Silly calls to Warwickshire Police prompt appeal

Silly calls to Warwickshire Police prompt appeal Silly calls to Warwickshire Police prompt appeal
Updated: 8:26 am, Aug 06, 2015

A SQUIRREL lying on the ground in a park was just one of the recent nonsense calls received by Warwickshire Police.

It has prompted police chiefs to appeal to people to stop and think after a resident called police genuinely concerned about a squirrel lying on the ground in a park – it appeared to be dead but being unaware of which service to contact, they called the police.

Over the summer months Warwickshire Police receive the highest number of calls to the police emergency number 999 and the non-emergency number 101. On average Warwickshire Police received a call every two minutes.

“There’s a squirrel lying on the ground”; “My parcel hasn’t been delivered”; “My neighbour’s washing machine is too loud”, and “My finger is stuck in a bottle” – are just four of the latest quandaries that have prompted people to call 101.

Most of the calls received are valid reports such as minor traffic collisions, stolen vehicles, or damaged property.

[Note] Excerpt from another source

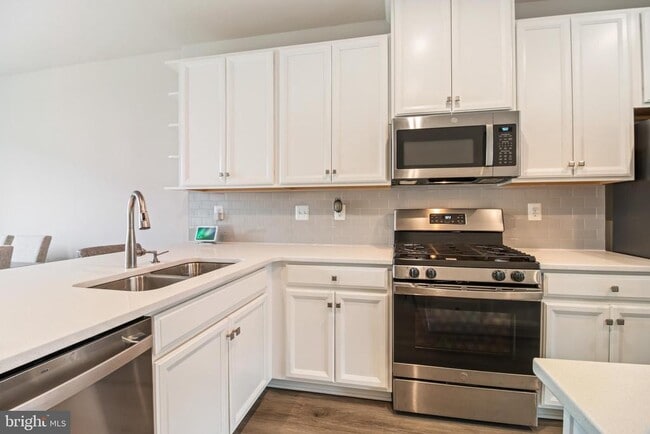 Building Photo - 646 Lakemont Dr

But as well as genuine calls, the force has seen an increase in misdirected calls about birds and animals, parcel delivery complaints, salary payment delays and noisy neighbours.

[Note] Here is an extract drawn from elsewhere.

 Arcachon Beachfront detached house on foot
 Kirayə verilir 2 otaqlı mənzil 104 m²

Times to call 101 include reporting a stolen vehicle, damaged property, or suspected drug dealing.

But many also believe police can intervene for issues of noise nuisances, such as a dog barking, or for graffiti removal from a public area – but such matters are dealt with by councils.

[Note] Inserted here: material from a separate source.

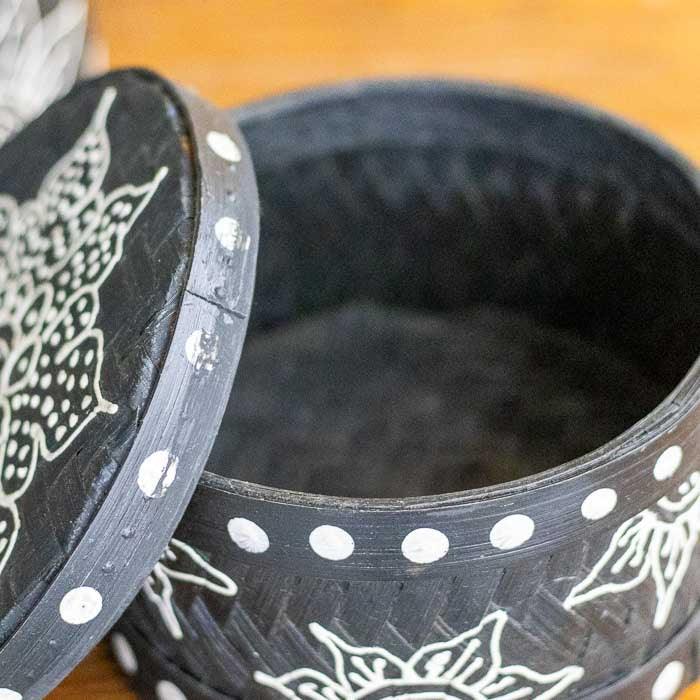 Objeto funcional e decorativo feito à mão com materiais naturais.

Ch Supt Steve Cullen, said: “The 101 number provides a vital service for people to contact us for non-emergency matters – but using it inappropriately detracts from all the cases where people genuinely need our help.”

“Every call takes time to answer and assess properly for our response. For every misdirected call we receive, people who do require a police response may have to wait longer to have their call answered at the busiest times.”

Many queries can be resolved with a simple internet search – www.askthe.police.uk – or a call to directory enquiries.